Science is a form of culture in which life denies itself and refuses itself any value. It is a practical negation of life, which develops into a theoretical negation in the form of ideologies that reduces all possible knowledge to that of science, such as the human sciences whose very objectivity deprives them of their object: what value do statistics have faced with suicide, what do they say about the anguish and the despair that produce it? These ideologies have invaded the university, and are precipitating it to its destruction by eliminating life from research and teaching. Television is the truth of technology; it is the practice par excellence of barbarism: it reduces every event to current affairs, to incoherent and insignificant facts.

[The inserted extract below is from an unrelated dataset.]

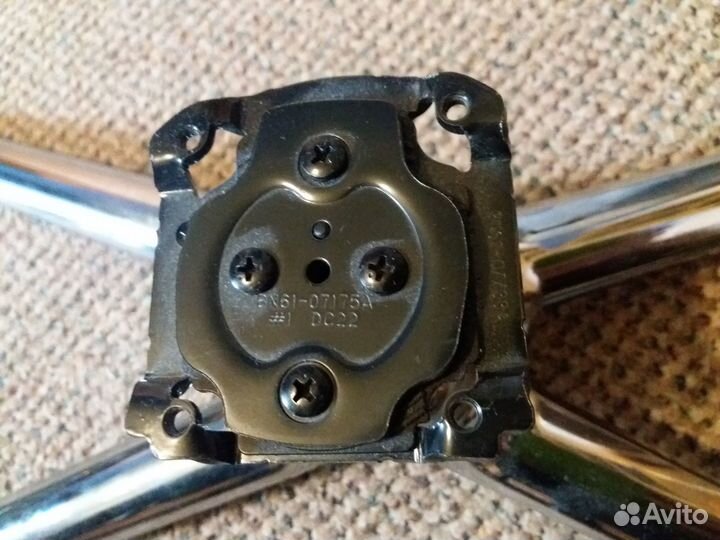 Подставка для телевизора Samsung BN 96-16720E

This negation of life results, according to Michel Henry, from the "disease of life", from its secret dissatisfaction with the self which leads it to deny itself, to flee itself in order to escape its anguish and its own suffering. In the modern world, we are almost all condemned from childhood to flee our anguish and our proper life in the mediocrity of the media universe — an escape from self and a dissatisfaction which lead to violence — rather than resorting to the most highly developed traditional forms of culture which enable the overcoming of this suffering and its transformation into joy. Culture subsists, despite everything, but in a kind of incognito; in our materialist society, which is sinking into barbarism, it must necessarily operate in a clandestine way.
The third-person perspective can be primary for methodological reasons, but why grant it ontological primacy? Dennett's answer, ultimately, is "because it's useful to do so." — Pneumenon
So people are more brutal now than ever before, and brutality has increased in the world? Where? In what senses? — Wosret
Powered by Darwin, modern science proceeds, in Dennett’s phrase, as a “universal corrosive,” destroying illusions all the way up and all the way down, dismantling our feelings of freedom and separate selfhood, our morals and beliefs, a mother’s love and a patient’s prayer: All in reality are just “molecules in motion.”....
While it is true that materialism tells us a human being is nothing more than a “moist robot”—a phrase Dennett took from a Dilbert comic—we run a risk when we let this cat, or robot, out of the bag. If we repeatedly tell folks that their sense of free will or belief in objective morality is essentially an illusion, such knowledge has the potential to undermine civilization itself, Dennett believes. Civil order requires the general acceptance of personal responsibility, which is closely linked to the notion of free will. Better, said Dennett, if the public were told that “for general purposes” the self and free will and objective morality do indeed exist—that colors and sounds exist, too—“just not in the way they think.” They “exist in a special way,” which is to say, ultimately, not at all.
Michel Henry examines science, which is founded on the idea of a universal and as such objective truth, and which therefore leads to the elimination of the sensible qualities of the world, sensibility and life. There is nothing wrong with science in itself as long as it is restricted to the study of nature, but it tends to exclude all traditional forms of culture, such as art, ethics and religion. Science left to its own devices leads to technology, whose blind processes develop themselves independently in a monstrous fashion with no reference to life.